週末、新潟の実家から、大きな梨の段ボールが届きました。帰省がかなわなかったお祭りの料理や野菜、預けていた冬物といった支援物資が満載でした。そのなかに、とても目立つオレンジのカボチャの包みを発見。「ハロウィーンのプレゼントかしら」と開封すると、出てきたのはなつかしい駄菓子たち――お祭りで当家が準備した「おしゃぎりの乗り子たちへの差し入れ」だと気づいたのです。洋の東西を問わず、お祭りの子どもにはキャンディをプレゼント。それならば、とコラボレーションしているのがとても現代的に思えました。
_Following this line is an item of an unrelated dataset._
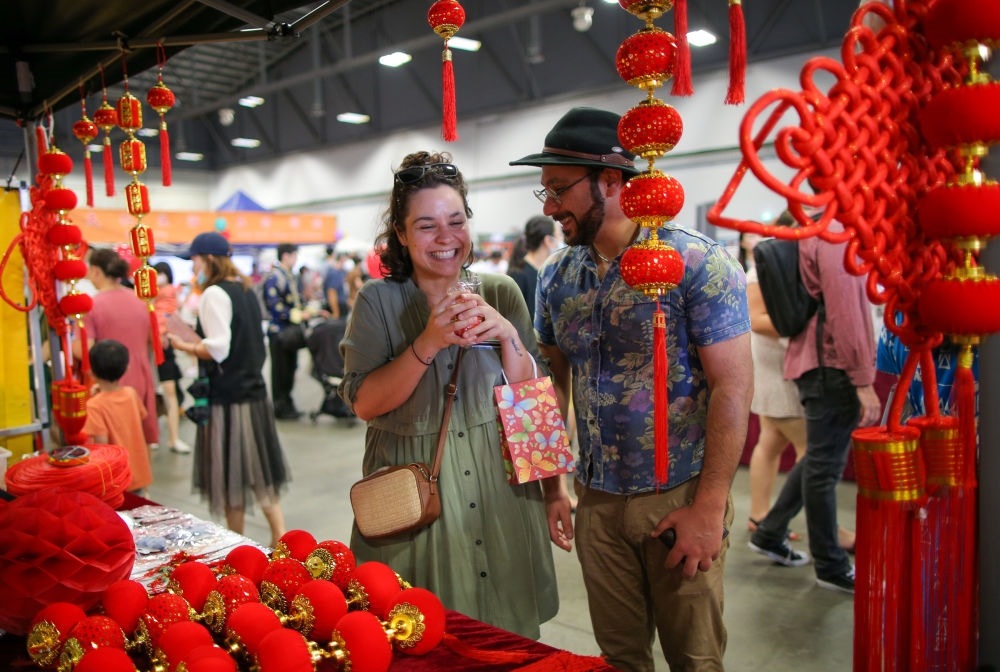 2023年1月21日，在新西蘭奧克蘭舉行的迎接中國農歷春節(jié)活動上，人們購買新春裝飾品。這個活動吸引當?shù)厣先f名各族裔民眾聚集一起，共迎中國春節(jié)。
ハロウィーン(Helloween)は、毎年10月31日に行われるケルト発祥のお祭りです。秋の収穫祭とキリスト教の万聖節前夜の悪霊退散が合体したものですが、私たちが知るようになったのは、物語やドラマなどに登場する「アメリカの年中行事」としてでした。カボチャの中身をくりぬいた「ジャック・オー・ランタン」。子どもたちが魔女やお化けに仮装して家々を訪れる「トリック・オア・トリート(お菓子かいたずらか)」。見かけるたびにわくわく、憧れをつのらせたものです。
そうした世代が親の年齢になったせいでしょうか。子どもの頃はサンリオやソニープラザ(現PLAZA)の店内でしか見かけなったお菓子や仮装グッズも、すっかり街の風景になりました。私が暮らす渋谷区では、毎年町内ごとに、ボランティアに引率された子どもたちが仮装行列をしています。
なによりハロウィーンの仮装は、子どもに限りません。この時期の週末には、魔女やゴースト、なぜかヒーローや婦人警官などが街にあふれ、大変な騒ぎ。基本的にみんなとてもかわいいので、目にするたびに私は、日本人の変身願望とその技術力について感嘆してしまいます。
日本人女性はもともと、コスチューム・プレイが好きなのです。仕事にはデキるOL風、今夜はデートだからセクシー風、習いごとにはリセエンヌ風、家族と食事の日にはお嬢さん風。いつだって「変身」しています。「変身」することで、なんでもない毎日が「特別」になるのです。コンサート会場やお祝いの席ならばなおさら、着飾ることは女性の特権であり、喜ばしい義務であると私は考えています。
そんなわけで、今年のパーティーには黒猫のプチ仮装をする予定。お祭り好きですみません!